## SUPPLIED INFORMATION
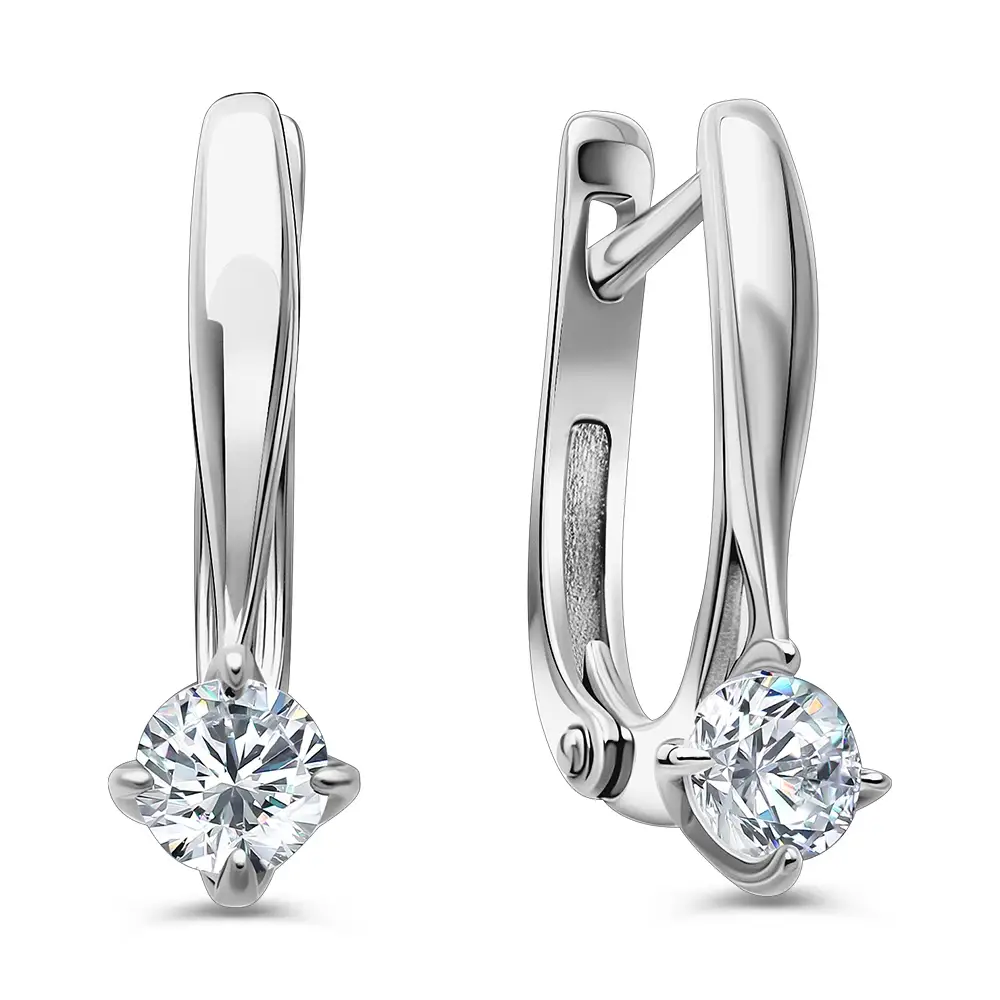 Серьги с цирконами из серебра 925 пробы 1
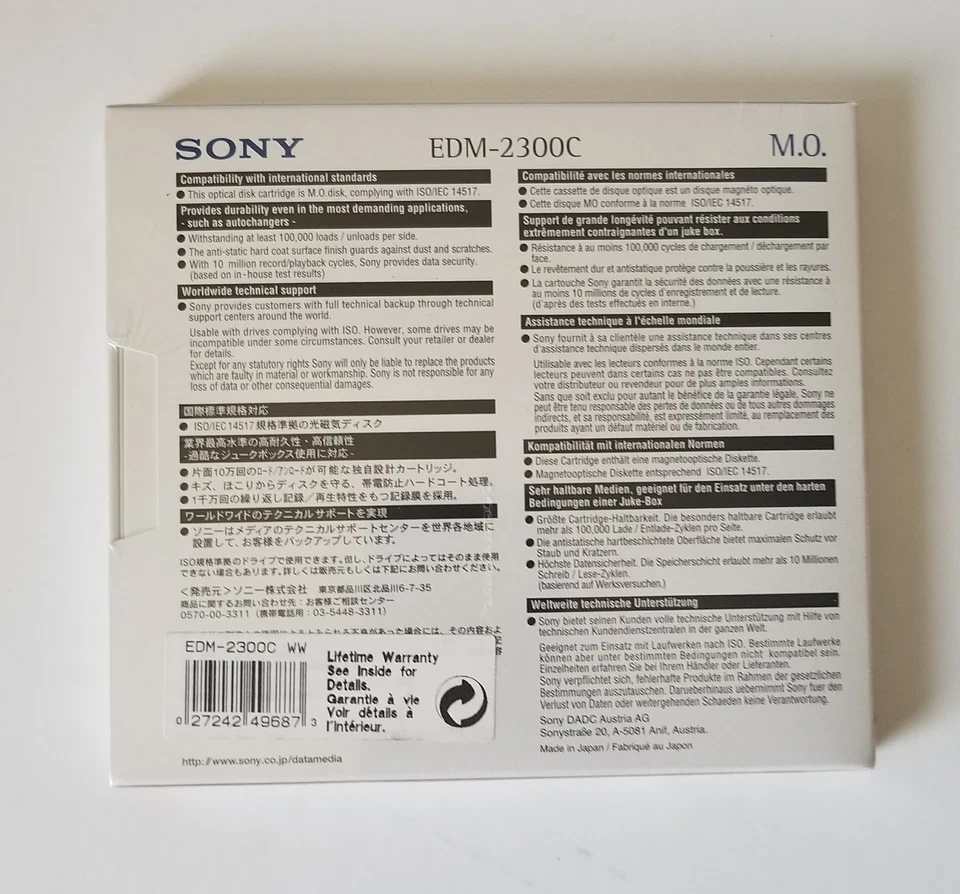 Sony EDM-2300C 2.3GB 512 B/S Magneto Optical Disk New Sealed - Image 2 of 3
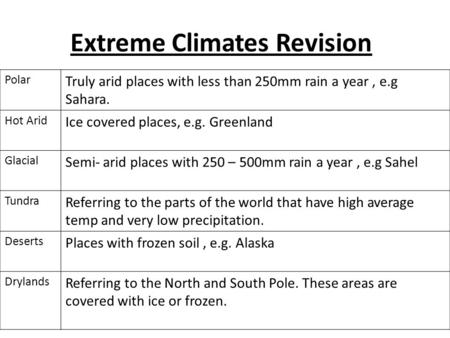 Extreme Climates Revision Polar Truly arid places with less than 250mm rain a year, e.g Sahara. Hot Arid Ice covered places, e.g. Greenland Glacial Semi-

## WORK TO COMPLETE
Your copy should match the material above exactly, minus its pictures.

## ANSWER TO THIS TASK
 Серьги с цирконами из серебра 925 пробы 1
 Sony EDM-2300C 2.3GB 512 B/S Magneto Optical Disk New Sealed - Image 2 of 3
 Extreme Climates Revision Polar Truly arid places with less than 250mm rain a year, e.g Sahara. Hot Arid Ice covered places, e.g. Greenland Glacial Semi-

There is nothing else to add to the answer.